Kenaikan tarif yang diberlakukan Trump memicu ketidakpastian global dan menciptakan tekanan bagi negara-negara berkembang seperti Indonesia, apalagi ketika kebijakan itu dianggap tidak punya arah yang jelas.
Dampak Kebijakan Tarif Trump Terhadap Nilai Tukar Rupiah
Langkah Trump kali ini bikin banyak analis geleng-geleng kepala, termasuk Lukman Leong, analis mata uang yang menyebut kebijakan tersebut sangat tidak rasional dan tidak jelas.
"Ya belum tahu apa yang akan ditawarkan Indonesia, mengingat tarif (yang diberlakukan) Trump sangat tidak rasional dan tidak jelas, sedangkan dampaknya lumayan besar. AS itu menyumbangkan sekitar 10 persen total ekspor dan 5 persen total impor," kata Lukman, di Jakarta, Sabtu (5/4/2025).
Kondisi ini jelas berisiko buat pasar Indonesia.

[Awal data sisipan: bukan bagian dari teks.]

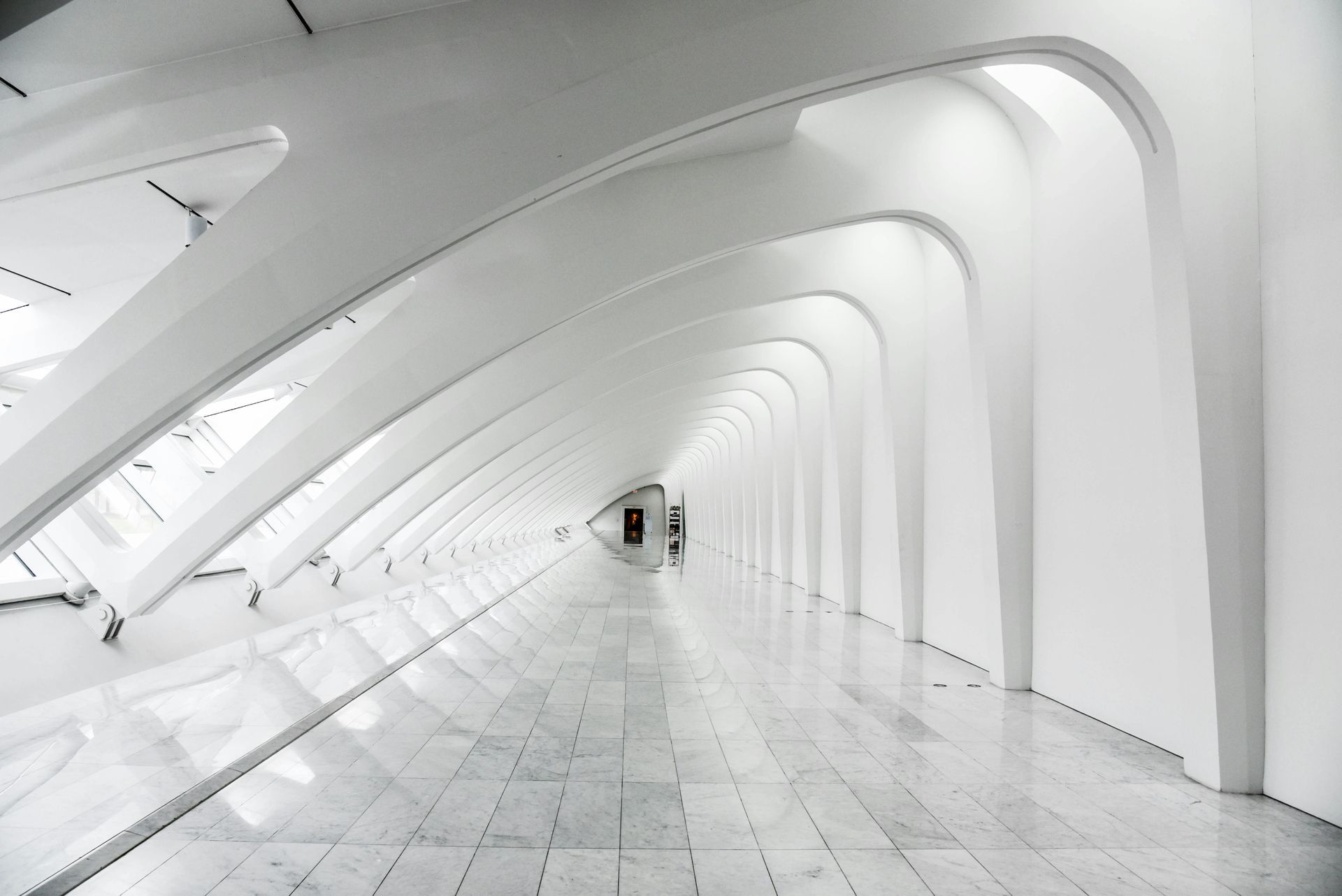 White, arched corridor with a glossy tiled floor. Light streams from above, leading to a distant doorway.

Sebagai negara dengan mata uang emerging market (EM), Rupiah berpotensi terguncang bila investor asing mulai mengalihkan dananya ke aset yang dianggap lebih aman.

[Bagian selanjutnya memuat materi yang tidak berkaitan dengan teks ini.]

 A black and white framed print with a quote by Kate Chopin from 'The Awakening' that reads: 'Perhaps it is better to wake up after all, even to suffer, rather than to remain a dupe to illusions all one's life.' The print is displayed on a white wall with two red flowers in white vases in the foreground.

Meski saat ini indeks dolar AS sedang melemah karena investor banyak melepas dolar, tetap saja ada kekhawatiran fluktuasi Rupiah makin tinggi.

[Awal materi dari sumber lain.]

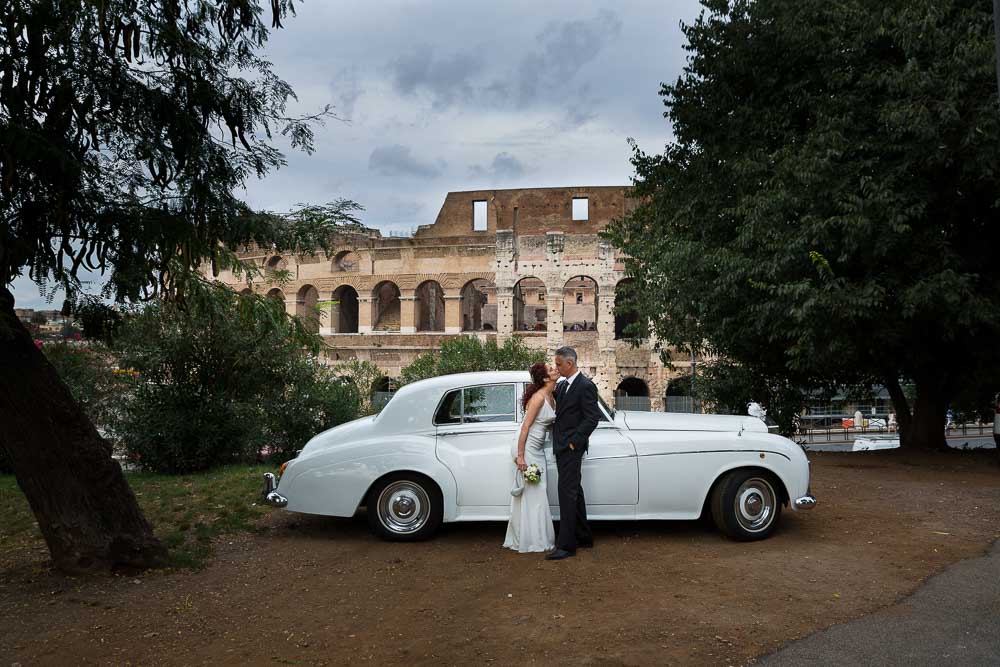 Pictures taken by the vintage Rolls Royce car placed in front of the Coliseum in Rome Italy.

"Untuk saat ini, mungkin Rupiah masih aman, mengingat investor justru melepas US$ sehingga indeks dolar AS saat ini berada di level terendah dalam 6 bulan. Namun sebagai mata uang EM, Rupiah diperkirakan akan bergejolak atau volatile," lanjut Lukman.
Masalahnya, pasar global gampang sekali terpengaruh oleh manuver sepihak dari negara besar seperti AS.
Ketika arah kebijakan tidak jelas, risiko jadi tidak terukur.
Investor jadi enggan menaruh dana di pasar negara berkembang, apalagi jika sinyal dari pemerintah domestik juga belum kuat.
Peran Bank Indonesia dalam Menjaga Stabilitas Rupiah
Untuk menghadapi situasi seperti ini, Lukman menyarankan Bank Indonesia untuk sigap dan terus melakukan intervensi.
Langkah ini penting supaya Rupiah tidak menembus batas psikologis Rp18.000 per dolar AS.
Menurutnya, intervensi BI bisa jadi jalan satu-satunya agar kepercayaan pasar tetap terjaga di tengah derasnya sentimen global yang negatif terhadap pasar negara berkembang.
Namun, tentu ada harga yang harus dibayar. Intervensi besar-besaran bakal menggerus cadangan devisa negara.
Makin besar gejolaknya, makin dalam juga BI harus merogoh 'kocek' untuk stabilisasi.
Tapi di titik seperti sekarang, pilihan itu jauh lebih baik daripada membiarkan nilai tukar makin liar.
Negara-negara berkembang yang bergantung pada impor barang modal dan energi akan menghadapi tekanan inflasi yang tak bisa diremehkan jika Rupiah terus melemah.
Negara-negara ASEAN dan BRICS Perlu Aksi Bersama Hadapi Gejolak Mata Uang
Bukan hanya Indonesia yang harus waspada.
Negara-negara ASEAN dan anggota BRICS juga menghadapi tekanan yang sama dari kebijakan sepihak AS ini.
Lukman bahkan menyarankan agar negara-negara ini segera memperkuat koordinasi dalam menghadapi gejolak ekonomi global.
"ASEAN mesti bekerja sama dalam hal ini, dan juga BRICS untuk paling tidak bisa menahan gejolak pada mata uang," ujarnya.
Kerja sama kawasan seperti ini sangat dibutuhkan untuk membangun pertahanan kolektif di sektor keuangan.
Ketika dolar AS bergerak liar dan kebijakan tarif makin agresif, hanya koordinasi regional yang bisa menjaga kestabilan ekonomi kawasan.
Negara seperti Malaysia, Kamboja, Vietnam, dan Thailand juga jadi sasaran tarif tinggi dari Trump, masing-masing 24 persen, 49 persen, 46 persen, dan 36 persen. Indonesia sendiri tak kalah kena batunya, dengan tarif mencapai 32 persen.